The data is gathered as follows. We first pick up 60 random, ping-answering IP addresses. We then send successively one traceroute from each of 516 Planetlab hosts (called “sources”), towards each of thoses IPs (called “targets”). For a given target, a traceroute is sent a few seconds after the previous one ended (either with a success or a failure). So far we gathered about 31 thousands raw traceroute outputs over about 10 hours.
For each route given by traceroute towards a given target, we look up the distance (in hops) within the route between the target and each address (or node) present in the route – we call this number “trace route distance”. This way we get for every target and for each address, its average traceroute distance (which we round to the nearest integer) to target over sources, and whether it appears at least twice at two different distances. Then we compute globally the proportion of nodes appearing at a given, rounded average traceroute distance, that appear at least at two different traceroute distances.
Between average distance 7 and 27, the plot can be compared to an affine function, with a coefficient of 0.7% per hop. Indeed, there is a (statistical) chance at each hop to cross a router balancing between routes of different length, leading to different traceroute distances. Therefore the likeliness to be seen at multiple traceroute distances increases with distance to the target.
The rightmost part of the plot may be quite inaccurate since it is mostly based upon nodes very close to the sources that have no reason to be seen multiple times for a given target source-round (remember that every source performs exactly one traceroute). It should anyway be looked close: how can we explain such a ceiling?

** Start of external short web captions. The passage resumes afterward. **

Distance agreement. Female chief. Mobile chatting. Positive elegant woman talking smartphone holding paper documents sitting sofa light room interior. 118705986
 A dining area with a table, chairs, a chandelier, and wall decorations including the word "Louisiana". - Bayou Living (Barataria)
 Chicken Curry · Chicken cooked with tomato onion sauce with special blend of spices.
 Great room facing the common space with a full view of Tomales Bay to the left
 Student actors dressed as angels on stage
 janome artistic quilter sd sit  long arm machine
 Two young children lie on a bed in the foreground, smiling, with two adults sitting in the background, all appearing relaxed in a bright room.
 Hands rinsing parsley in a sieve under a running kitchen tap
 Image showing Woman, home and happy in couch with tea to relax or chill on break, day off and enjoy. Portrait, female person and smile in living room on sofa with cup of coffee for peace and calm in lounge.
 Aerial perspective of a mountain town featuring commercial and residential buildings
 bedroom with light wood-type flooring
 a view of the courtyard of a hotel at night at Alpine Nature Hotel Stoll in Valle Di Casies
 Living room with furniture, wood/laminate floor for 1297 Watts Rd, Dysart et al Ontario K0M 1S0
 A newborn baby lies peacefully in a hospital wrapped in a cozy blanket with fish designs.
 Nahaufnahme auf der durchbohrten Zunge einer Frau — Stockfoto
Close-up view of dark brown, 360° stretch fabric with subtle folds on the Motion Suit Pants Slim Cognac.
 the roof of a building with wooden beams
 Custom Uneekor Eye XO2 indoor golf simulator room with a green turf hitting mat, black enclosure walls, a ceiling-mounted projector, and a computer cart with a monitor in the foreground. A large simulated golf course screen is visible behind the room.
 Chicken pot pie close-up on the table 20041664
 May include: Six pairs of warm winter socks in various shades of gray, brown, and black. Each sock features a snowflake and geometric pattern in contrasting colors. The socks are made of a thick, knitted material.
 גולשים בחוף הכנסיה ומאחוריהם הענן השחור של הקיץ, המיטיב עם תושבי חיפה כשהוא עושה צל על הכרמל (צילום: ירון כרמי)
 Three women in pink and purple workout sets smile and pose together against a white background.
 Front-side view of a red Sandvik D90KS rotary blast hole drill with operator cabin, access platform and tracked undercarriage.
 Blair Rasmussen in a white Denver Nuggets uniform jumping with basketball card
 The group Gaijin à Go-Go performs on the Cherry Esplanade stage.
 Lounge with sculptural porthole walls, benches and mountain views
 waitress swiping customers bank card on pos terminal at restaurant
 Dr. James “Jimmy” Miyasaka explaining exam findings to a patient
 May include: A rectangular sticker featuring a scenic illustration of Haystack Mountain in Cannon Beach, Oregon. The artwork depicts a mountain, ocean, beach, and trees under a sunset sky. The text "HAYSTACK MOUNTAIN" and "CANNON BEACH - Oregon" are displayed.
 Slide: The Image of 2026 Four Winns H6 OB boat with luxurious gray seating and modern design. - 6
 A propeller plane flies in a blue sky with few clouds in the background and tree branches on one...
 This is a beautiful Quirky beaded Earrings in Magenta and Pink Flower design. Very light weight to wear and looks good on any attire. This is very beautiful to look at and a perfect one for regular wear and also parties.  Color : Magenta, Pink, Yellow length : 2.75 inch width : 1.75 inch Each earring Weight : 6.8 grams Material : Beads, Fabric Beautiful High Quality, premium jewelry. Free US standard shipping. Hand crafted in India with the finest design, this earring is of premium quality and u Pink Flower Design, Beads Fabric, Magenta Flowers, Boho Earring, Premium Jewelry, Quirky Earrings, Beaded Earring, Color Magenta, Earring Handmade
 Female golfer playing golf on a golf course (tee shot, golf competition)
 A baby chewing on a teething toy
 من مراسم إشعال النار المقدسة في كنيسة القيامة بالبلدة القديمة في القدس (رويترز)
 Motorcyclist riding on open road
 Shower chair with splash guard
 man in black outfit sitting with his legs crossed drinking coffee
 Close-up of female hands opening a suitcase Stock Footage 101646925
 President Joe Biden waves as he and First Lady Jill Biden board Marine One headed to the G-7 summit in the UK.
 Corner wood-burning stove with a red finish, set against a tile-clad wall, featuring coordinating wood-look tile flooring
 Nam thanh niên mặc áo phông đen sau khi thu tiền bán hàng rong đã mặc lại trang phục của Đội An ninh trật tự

The leftmost part of the plot is far more relevant, since the nodes very close to the target are expected to be seen by many sources. The 0-1-distance bracket is naturally empty, since only targets can have occurences of traceroute distance < 1 (that is, exactly 0). The 1-1.5-distance bracket may seem critically low but it can be explained as follows: since the nodes with an average traceroute distance < 1.5 must have a least 50% of their occurences at traceroute distance 1, then these nodes are very unlikely to be exposed to load-balancing and thus to have multiple traceroute distance occurences.
But the very odd part is the 1.5-3.5-distance bracket. The very high rate of multiple traceroute distance node hints that the nodes of average traceroute distance between 1.5 and 3.5 are very exposed to load balancing, thus yielding the question: where is located the load-balancing involved in these variations?
Close to the target, confusing only the last hops? Then how to explain the local minimum at the 5.5-6.5-distance bracket? Far away from the target, “pushing” some nodes far closer to the target than seen on other routes? Then how to explain the positive coefficient in the linear part of the plot? Would there be two (or more) concurrent processes, with distinct domains of predominance, balancing at average distance 6?